If you’ve ever traveled the New York-Washington DC corridor, you might be tempted to skip over Baltimore. But don’t. The art museum’s a dream, Camden Yards is a great-looking baseball stadium, and the blue crabs should be smashed with a hammer and consumed with gusto.
As we recall such Baltimore icons, let us also praise famous writers—like Anne Tyler. A Minnesotan by birth, and a Baltimorean since the 1960s, she has written a total of 23 novels. These include “The Accidental Tourist” (which was made into a 1988 movie starring William Hurt and Geena Davis), and “Breathing Lessons” which won a Pulitzer Prize, also in 1988. And now she has written “French Braid.”
What’s the new book about? Well, like “Seinfeld,” it’s about everything and nothing. The protagonists, the Garretts, are a middle-class nuclear family from the Baltimore area. In the late 1950s, Dad runs a hardware store, Mom takes up painting. The two daughters are teens who are as different as night and day. The little brother plays with toy figurines which he calls “veterinarians.”
The story follows the younger family members as they suffer the pangs of adolescent love, go off to college, and have children of their own. Dad and Mom grow old and quietly grow apart, as Mom discovers “there’s a time for family life and then there’s a time for a something else life.” She moves into a studio of her own to paint. Dad, who is as old-school as they come, is dumbfounded.
While the family members occasionally reunite for important occasions, they really don’t like one another. But as an in-law points out, they are like a “French braid,” a hairstyle worn by little girls—tightly braided strands of hair that when loosened are still full of knots and tangles. As a family member then observes, “Well, that’s how families work, too. You think you’re free of them, but you’re never really free; the ripples are crimped in forever.”

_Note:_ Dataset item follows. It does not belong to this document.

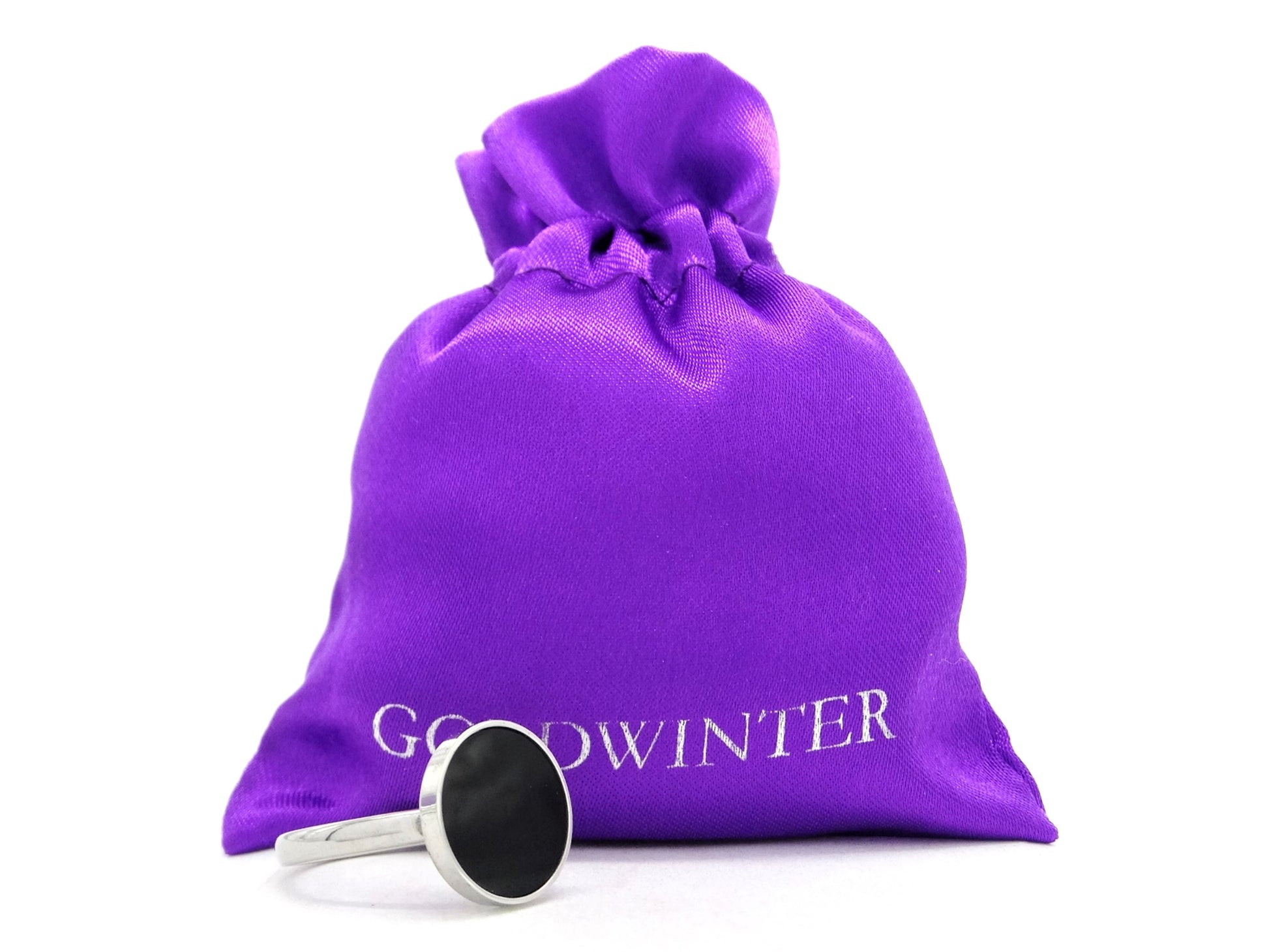 White gold black signet ring GIFT BAG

This is a wonderful book that’s blessedly free of murders, clichés, and snark. And while it’s not Tyler’s most exciting novel, who cares? Tyler has been praised for her elevation of everyday life into art by no less than John Updike and Joyce Carol Oates, as well as her fastidious character development. “I do make a point of writing down every imaginable facet of my characters before I begin a book, trying to get to know them so I can figure out how they'll react in any situation,” she has said. “My reason for writing now is to live lives other than my own, and I do that by burrowing deeper and deeper…till I reach the center of those lives." Boom.
Those of you who love Anne Tyler like I do will devour “French Braid” faster than a bucket of crabs washed down with some Natty Bo’s. As a Baltimorean waitress might might ask you, “So whatcha waiting for, hon?”
Ms Tyler is a great writer. Thanks for the promotion!
Sounds quite interesting. Thanks, will give it a whirl!!!!